One fight the federal government likely can’t avoid is connected to its climate change strategy. The Saskatchewan government has threatened to take the feds to court over its plan to impose a price on carbon emissions; natural resources fall in the provincial sphere and governments can’t tax each other under the Constitution.

“The federal government would claim its broad authority to protect the environment under the peace-order-and-good-government principle in the Constitution’s preamble,” says Mendes. “I tend to agree with the federal government that, when push comes to shove, the law is on their side. But that would still be a major decision coming from the [Supreme Court].”

Your rights, their rights

Charter rights aren’t static; sometimes they conflict and when they do the court has to draw a line. Expect conflicts between religious freedom and equality rights to continue testing where that line is in the post-McLachlin period.

Trinity Western University, a private Christian university based in B.C., imposes a “covenant” on students that forbids, among other things, sexual intimacy that “violates the sacredness of marriage between a man and a woman.” Arguing the covenant discriminates against LGBTQ students, the Ontario and B.C. law societies declined to accredit Trinity Western’s planned law school. Those cases are going before the court. [The CBA has been granted intervenor status.]

“As the courts continue to deal with matters of ‘reasonable accommodation’ of religious expression, we’ll see more cases of religious freedom butting up against equality rights,” says Macfarlane. “Maybe an Indigenous religious ceremony coming into conflict with municipal bylaws.”

Accentuating the positive

The Charter of Rights and Freedoms is largely a list of “negative” guarantees – protecting Canadians from threats to personal freedom (discrimination, arbitrary arrest, cruel and unusual punishment) without offering much in the way of “positive” rights, such as the right to a living wage or housing. Since it was introduced in 1982, there have been attempts to broaden the Charter’s scope to embrace more positive rights.
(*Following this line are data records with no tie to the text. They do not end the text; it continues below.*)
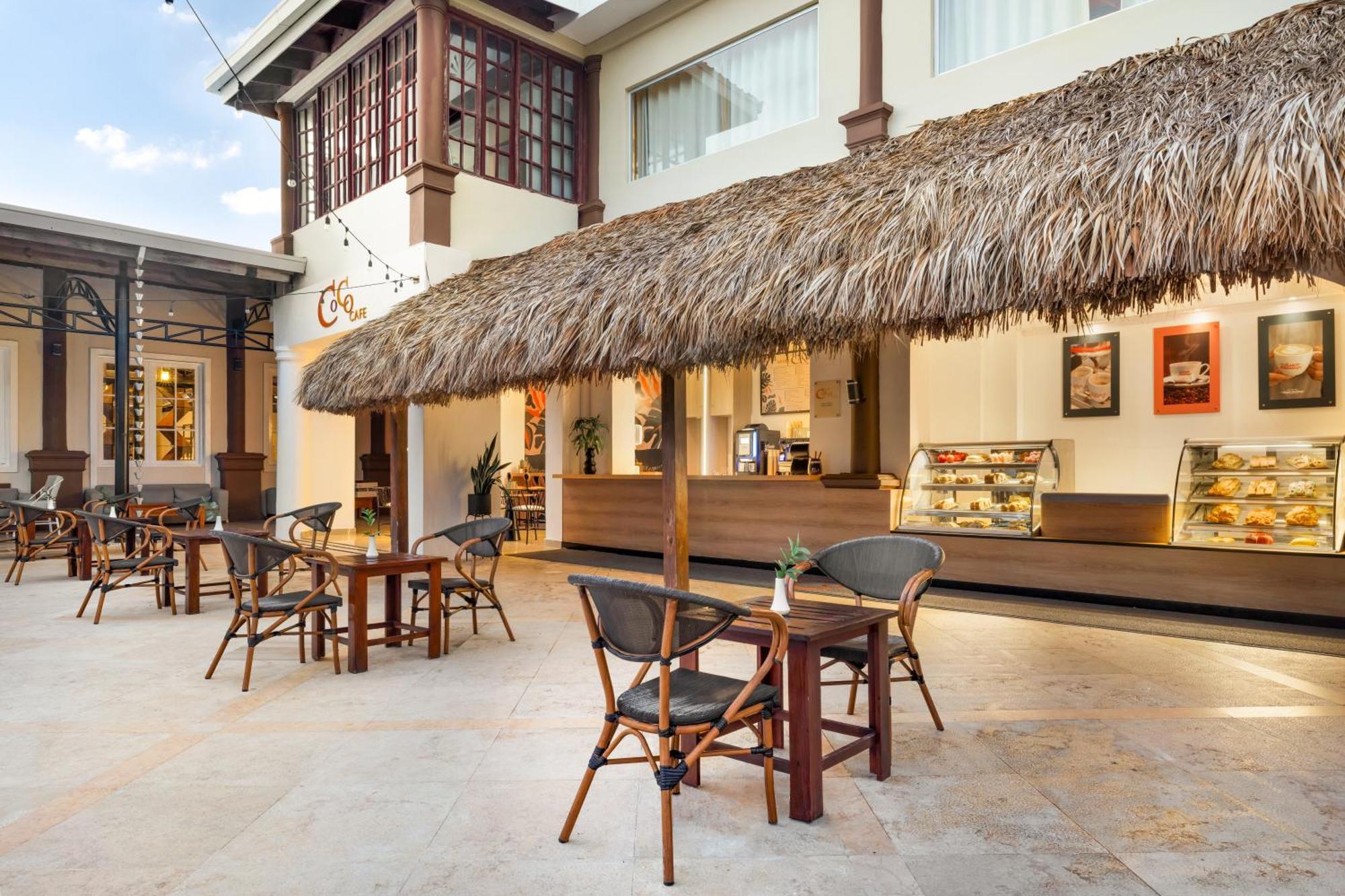 Sunscape Coco Punta Cana Eksteriør billede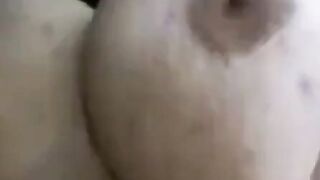 Amateur Asian BBW with Big Tits
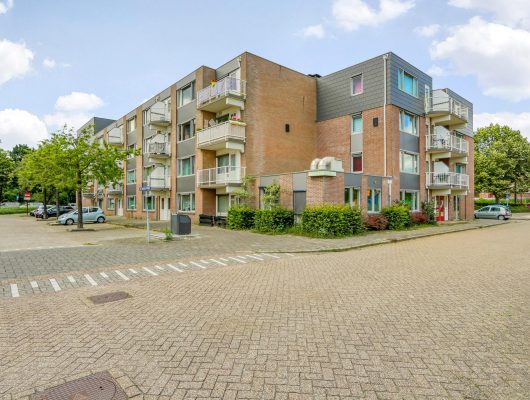 Hoofdfoto van Nieuwegein Hagestede 137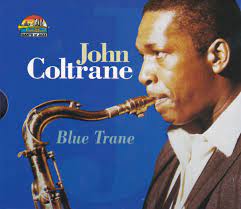 John Coltrane - Blue Trane in the group OTHER / 10399 at Bengans Skivbutik AB (4299674)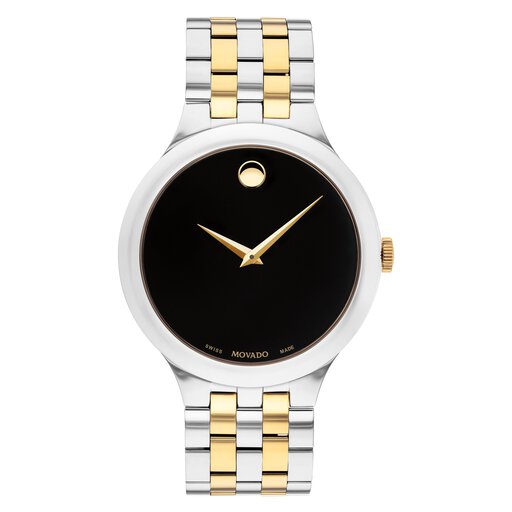 Veturi Watch, 40mm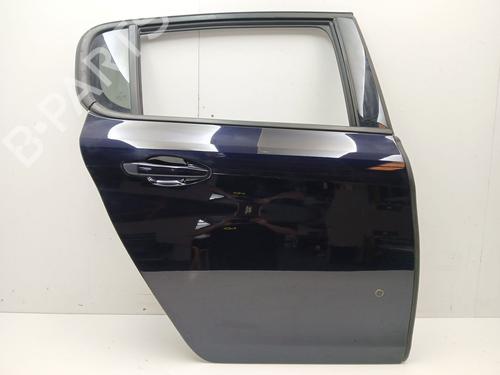 Used Right rear door PEUGEOT 308 II (LB_, LP_, LW_, LH_, L3_) 1.2 THP 130 (131 hp) 29888583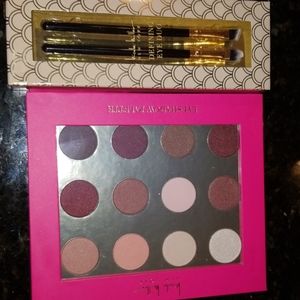 New makeup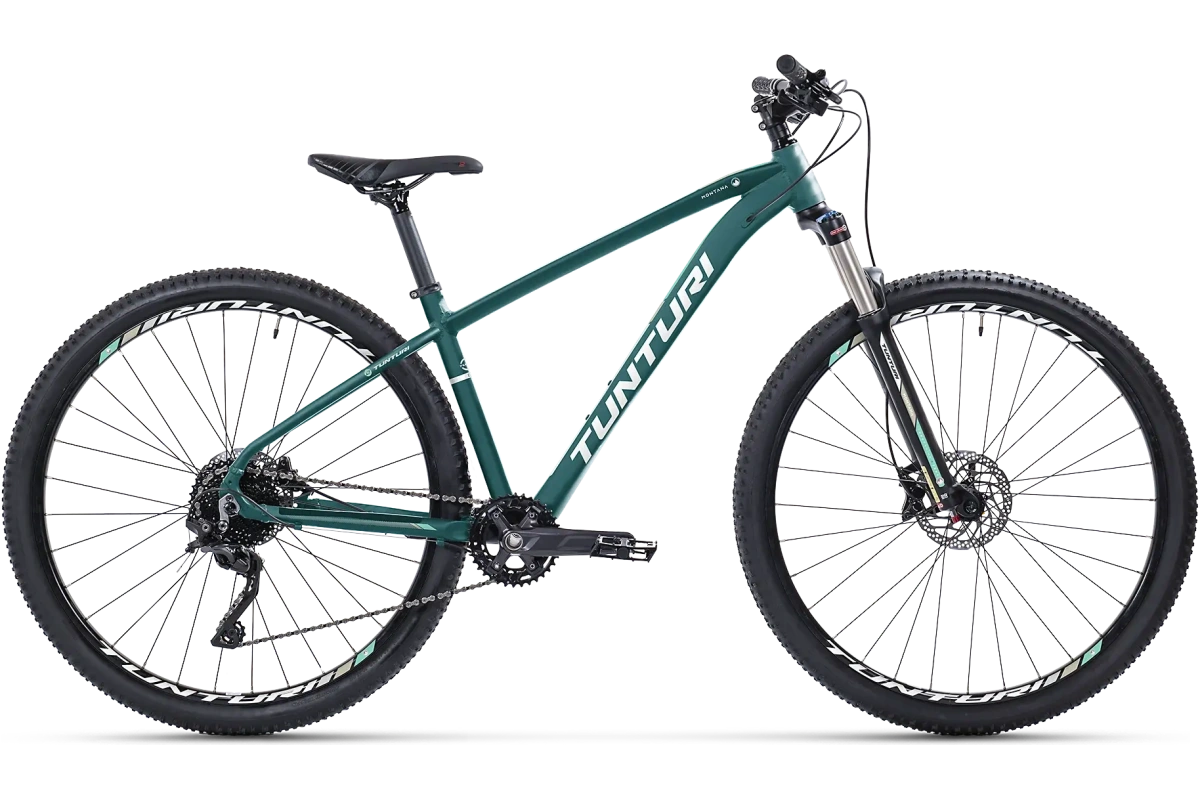Tunturi Montana 27.5" terrengsykkel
The court dipped a toe in these waters in 2002, in the case of Gosselin v. Quebec. It was a class action brought on behalf of 75,000 people against the Quebec government over its decision to make full welfare benefits for people under the age of 30 contingent on participation in a “workfare” or employment training program. The plaintiffs argued that decision violated both their section 15 equality rights and their section 7 right to “life, liberty and security of the person”.

The court ruled that Quebec’s policy violated neither the Charter nor the Quebec Charter of Rights and Freedoms. McLachlin wrote the majority decision; in dismissing the claim that Quebec had violated section 7, she did not close the door entirely to a “positive rights” interpretation of the section.

Justice Louise Arbour delivered a dissenting opinion asserting that the Charter can and should be used as a tool to fight poverty and social injustice – that there should be no distinction in law between civil liberties and social and economic rights.

“Justice Arbour’s fierce dissenting position makes a decision on positive rights more likely,” says Mendes. “Ontario is running pilot projects on guaranteed basic income. So what if it can be shown that the idea works? Suddenly there’s going to be pressure on governments to follow suit.”

In everything the court does, personalities matter. The question of positive rights is a good example of an area of law that could see movement if the post-McLachlin court turns out over time to be more activist and less inclined to a default position of unanimity, says Mathen.

“It will be interesting to see, in her absence, whether particular jurists will want to develop their own philosophical approach to the legal questions coming before the court – whether they’ll feel freer to dissent now.”